▸ WHAT YOU HAVE TO DO
Write down the lines exactly as they appear, from the one that contains "Schilderij - Herfst, panorama, groen,blauw" through the final line of the records, so that both ends are kept and no pictures come along.

▸ Scraped caption text data

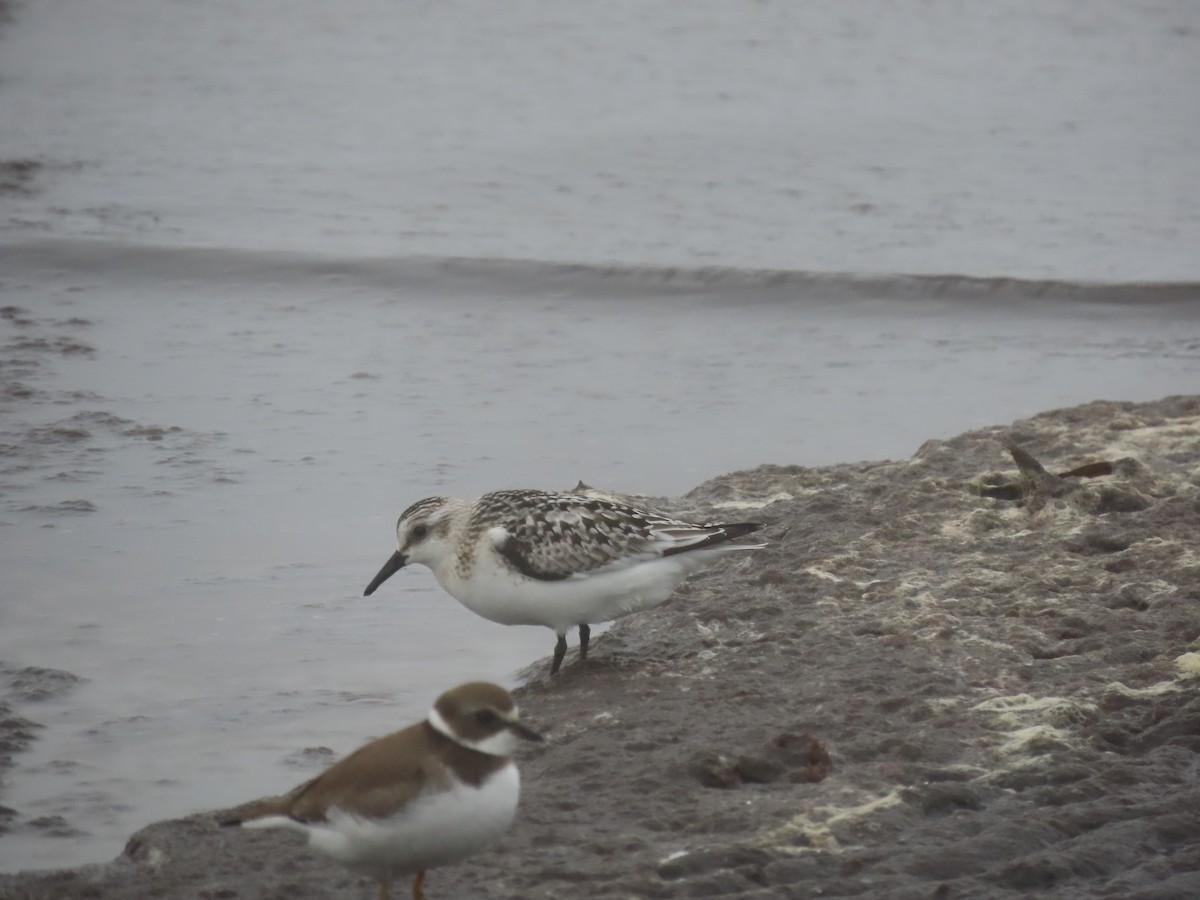 Sanderling - ML609230156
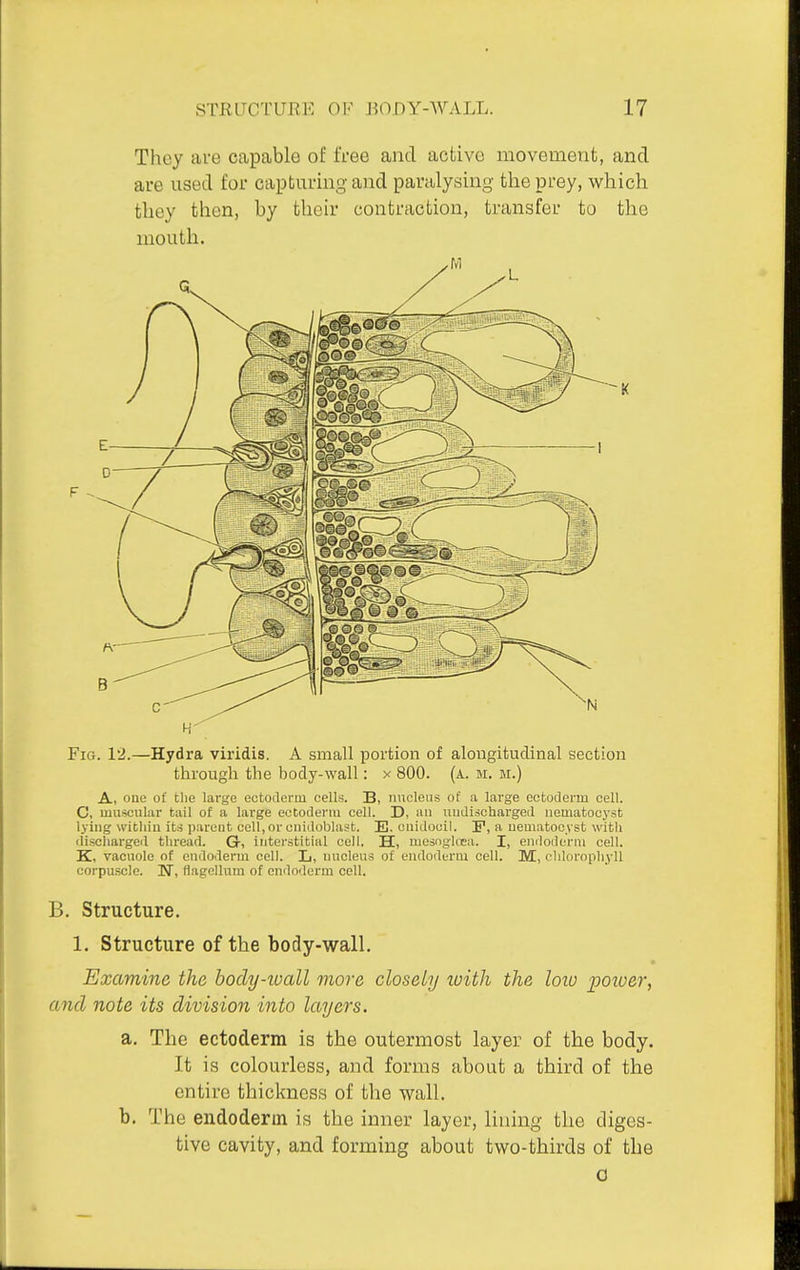 Thoy are capable of free and active movement, and are used for capturing and paralysing the prey, which they then, by their contraction, transfer to the mouth. Fig. 12.—Hydra viridis. A small portion of alongitucTinal section through the body-wall: x 800. (a. m. m.) A, oue of the large eotoilerm cell;;. B, nnclens of a large ectoderm cell. C, muscular tail of a large ectoderm cell. D, an uudischarged iiematocyst lying within its parent cell,or cnidoblast. E. cnidocil. F, a uematocyst witli discharged thread. G, ititerstitial cell. H, mesnglrea. I, emloilerni cell. K, vacuole of endoderm cell. L, nucleus of endoderm cell. M, clilornphyll corpuscle. N, flagcllum of endoderm cell. B. Structure. 1. Structure of the body-wall. Examine the hocly-ivall more closely tuith the loio poioer, and note its division into layers. a. The ectoderm is the outermost layer of the body. It is colourless, and forms about a third of the entire thickness of the wall. b. The endoderm is the inner layer, lining the diges- tive cavity, and forming about two-thirds of the 0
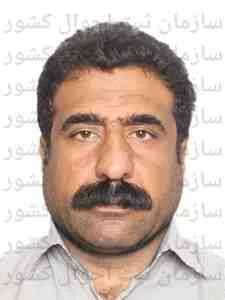 تصویر علی حسنی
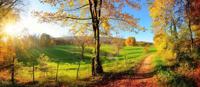 Schilderij - Herfst, panorama, groen,blauw ,2 maten , `premium Print - thumbnail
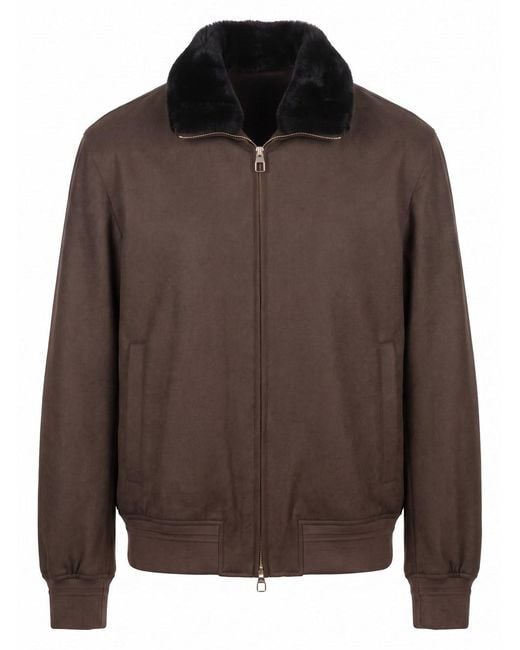 Montecore Brown Jacket for men
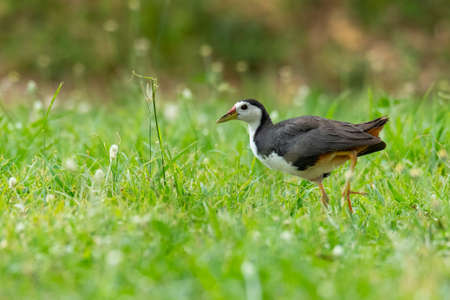 White-breasted Waterhen walking on the lawn looking into a distanceの写真素材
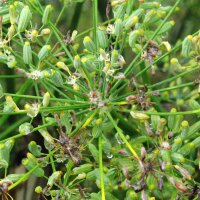 Grüner Gewürzfenchel Dulce (Foeniculum vulgare) Samen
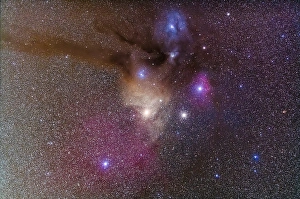 Star Formation Process Stampe: Rho Ophiuchi cloud complex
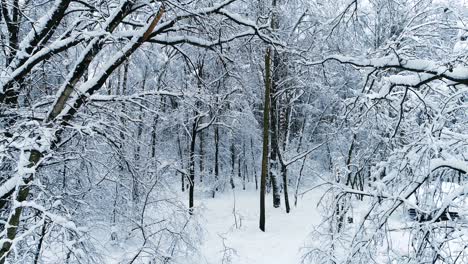 Ramas-Nevadas-En-El-Bosque.-Fondo-De-Hadas-De-Invierno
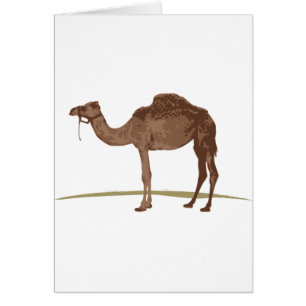 Camel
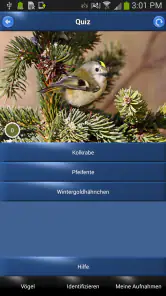 Vogelstimmen Id - Ruf + Gesang screenshot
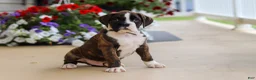 Boxer dogs for sale: Bentley - Ad 1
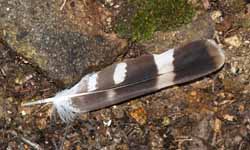 Feather on Lend-A-Hand Trail (photo by Webmaster)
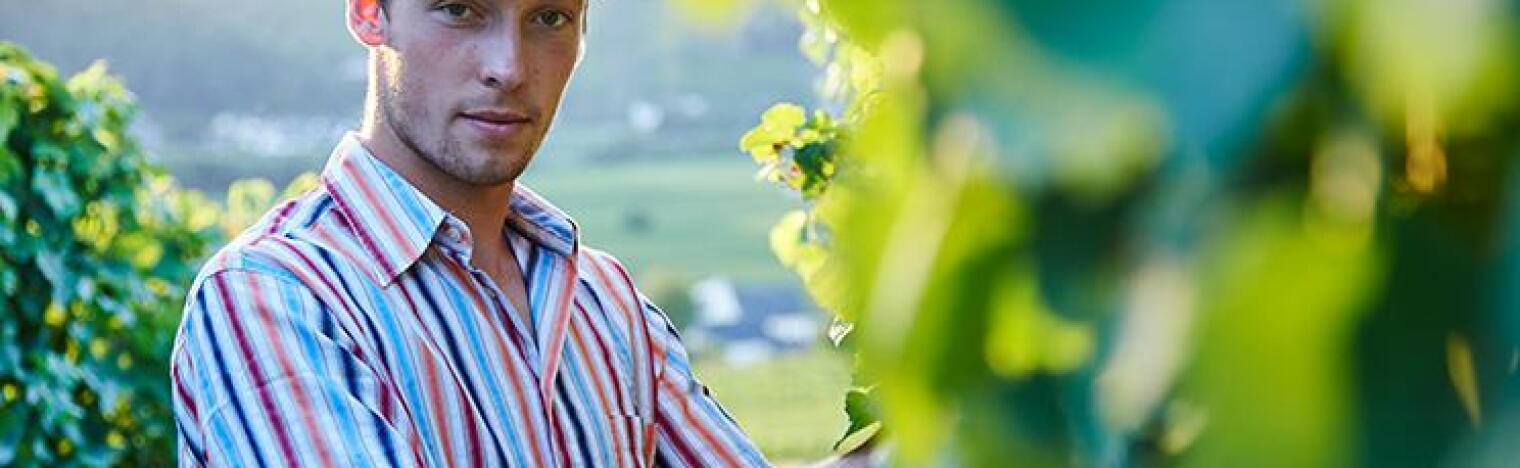 Weingut Daniel Anker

▸ RESULT FOR THIS EXERCISE
 Schilderij - Herfst, panorama, groen,blauw ,2 maten , `premium Print - thumbnail
 Montecore Brown Jacket for men
 White-breasted Waterhen walking on the lawn looking into a distanceの写真素材
 Grüner Gewürzfenchel Dulce (Foeniculum vulgare) Samen
 Star Formation Process Stampe: Rho Ophiuchi cloud complex
 Ramas-Nevadas-En-El-Bosque.-Fondo-De-Hadas-De-Invierno
 Camel
 Vogelstimmen Id - Ruf + Gesang screenshot
 Boxer dogs for sale: Bentley - Ad 1
 Feather on Lend-A-Hand Trail (photo by Webmaster)
 Weingut Daniel Anker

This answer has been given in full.